The current landscape is full of asset managers publicly committed to delivering net zero. Resource and time-poor asset owners are in some cases being lured into a false sense of security on climate goals. There is a temptation from asset owners to believe nothing needs to change from their side because asset managers are already publicly committed to being successful engagers.
But this line of thought is potentially reckless. Without oversight and direction from the asset owners themselves, the transition to net zero will be so much harder to achieve.
Stewardship is a key mechanism for tackling climate change and actually delivering on the transition to a net-zero world. As an industry we have to recognise the systemic challenges facing us in relation to climate change, and work together for better outcomes.
Many asset owners do not have the resource to engage with companies themselves so carry this out through their asset managers, but they should not blindly rely on managers to shoulder all of the responsibility.
Collaboration is key
Collaboration is vital in working towards climate goals. Simply relying on stewardship and engagement teams at asset management companies is not enough for robust climate risk management.
Asset owners have a duty to empower themselves with the knowledge and understanding of their own climate goals – and the best way to reach them – in order to inform their asset managers on what is expected from them.
Resources are becoming more readily available for asset owners to build this understanding. When both owners and managers are aligned on climate goals they can work together to set key milestones and plan where resources should be focused.
Collaboration can, and will, look different on a case-by-case basis. One way to engage with asset managers is through an annual responsible investment survey. The purpose of this is to better understand what managers are focusing on in terms of stewardship and engagement – and inform them where we believe improvements should be made.
Hold managers accountable
Although collaboration is important, asset managers also need to be held accountable to increasingly high standards to prove they are acting in the best interests of their clients.
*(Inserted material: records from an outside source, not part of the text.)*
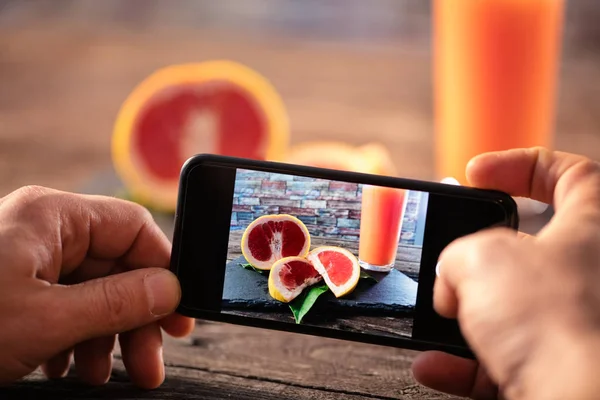 Telefon komórkowy z owoców pomarańczy na podłoże drewniane — Zdjęcie stockowe
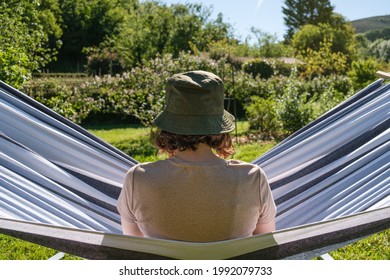 Young Spanish Woman Sitting In Hammock With Her Back Turned Looking At The Garden. She Is Wearing A Bucket Hat.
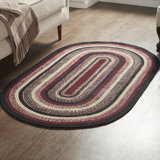 Tapis ovale rayé en jute / sisal / coton tressé à la main noir / rouge / brun clair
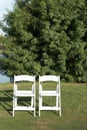 Two chairs placed on a green lawn set up for an outdoor wedding ceremony Royalty Free Stock Photo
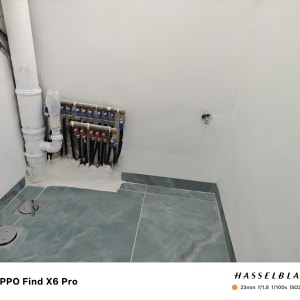 צנרת מים מותקנת על קיר עם אריחי רצפה חדשים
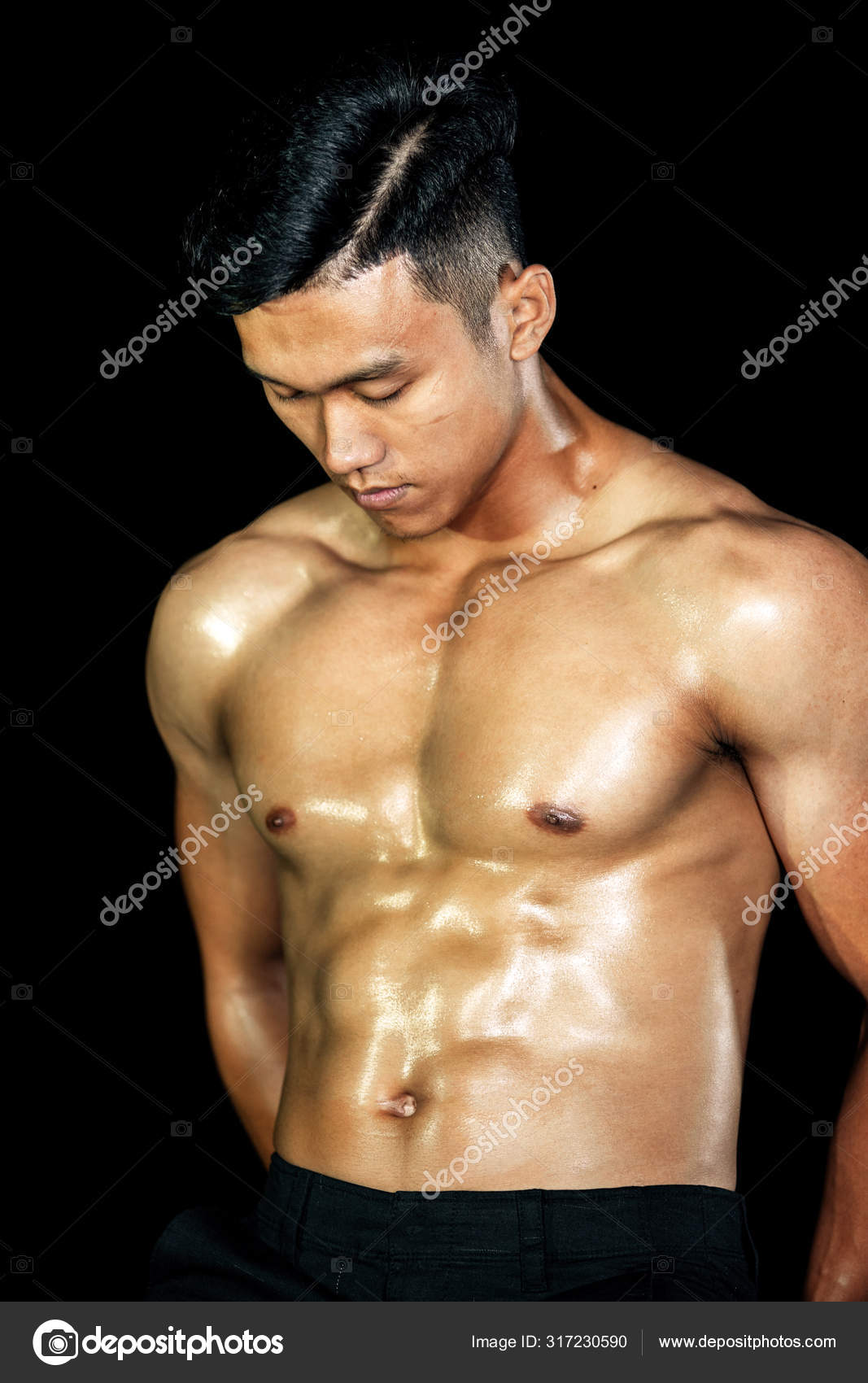 Asian bodybuilder handsome men posing muscle front on the black background.  Fitness body gym big chest and shoulder and bicep. Healthy ideal body type.  Stock Photo by ©khoamartin 317230590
The bar for what we expect from managers when it comes to sustainability will be continually raised. Today, for a manager to be considered a sustainability leader, there needs to be clear firm-wide commitment to stewardship, climate change, and diversity and inclusion.
We are continuously seeking managers with top-down commitments reflected through bottom-up real-world actions that are evidenced and measured. A firm’s sustainability beliefs and expertise should be integrated in all investment decisions taken up across the investment teams.
Although many asset managers are engaging on climate change issues, more engagement across asset classes and sectors is needed. It is crucial for investors to keep pushing companies for better carbon data and continual improvements.
We all need to collaborate with the asset management industry to guide its engagement efforts, however we expect managers will use engagement expertise as a means of a competitive advantage, in which case, they make themselves accountable to ever-improving standards.
Navigating and achieving the transition to net zero is going to be extremely challenging. Government and policy maker action will be essential, but investors and asset owners also have a vital role to play.